Q: What a criminal surcharge
For driving mistakes
A:
Although it may seem esoteric, from a philosophical and legislative capacity role, fines serve a particular role in connection with criminal offenses: to punish for the violation so that there is a deterrence to committing the offense by that example, and to rehabilitate by using the negative consequence to try to shape the offender's future decisions.
A criminal enforcement surcharge is basically a quasi-civil assessment primarily set for the purpose of funding law enforcement grants and programs (including, I believe, the Traffic Safety Bureau the State runs for special purpose grants to local law enforcement agencies, which the legislature decided made sense to place some of that burden isolated on those who've committed traffic violations. The amount of the assessment is set as 35% of the scheduled fine.
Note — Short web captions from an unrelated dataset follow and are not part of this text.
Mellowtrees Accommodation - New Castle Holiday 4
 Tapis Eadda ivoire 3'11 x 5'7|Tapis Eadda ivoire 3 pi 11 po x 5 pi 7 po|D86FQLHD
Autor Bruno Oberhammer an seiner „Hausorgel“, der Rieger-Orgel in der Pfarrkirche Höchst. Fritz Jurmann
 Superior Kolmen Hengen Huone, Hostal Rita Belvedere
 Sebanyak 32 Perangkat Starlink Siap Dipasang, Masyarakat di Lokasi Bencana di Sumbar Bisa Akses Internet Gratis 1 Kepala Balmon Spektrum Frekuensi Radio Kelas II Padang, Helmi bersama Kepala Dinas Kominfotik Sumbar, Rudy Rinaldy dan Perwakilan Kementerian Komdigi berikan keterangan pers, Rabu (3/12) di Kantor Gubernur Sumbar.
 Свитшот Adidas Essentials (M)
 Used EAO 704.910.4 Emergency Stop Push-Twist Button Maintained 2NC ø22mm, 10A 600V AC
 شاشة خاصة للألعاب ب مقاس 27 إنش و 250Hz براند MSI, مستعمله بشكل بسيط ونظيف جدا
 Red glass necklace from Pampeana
The amount due upon a guilty plea or finding resulting in conviction for Iowa scheduled traffic violations is comprised of a scheduled fine amount, the 35% criminal enforcement surcharge, and court costs (typically fixed at $60 per count, and are also assessed to recover the costs the court system incurs for adjudicating and transacting traffic cases). The apportionment of this revenue, once collected, is different for each pot of money. Court Costs go to the court system, and the allocation between the general fund of the prosecuting government entity (City, County, or State) and other governmental entities, departments, or programs of the scheduled fine is different than for the criminal surcharge.
More practically, it mostly operates as an itemized system for accounting who gets what share of the ticket revenue transacted through the clerk of court.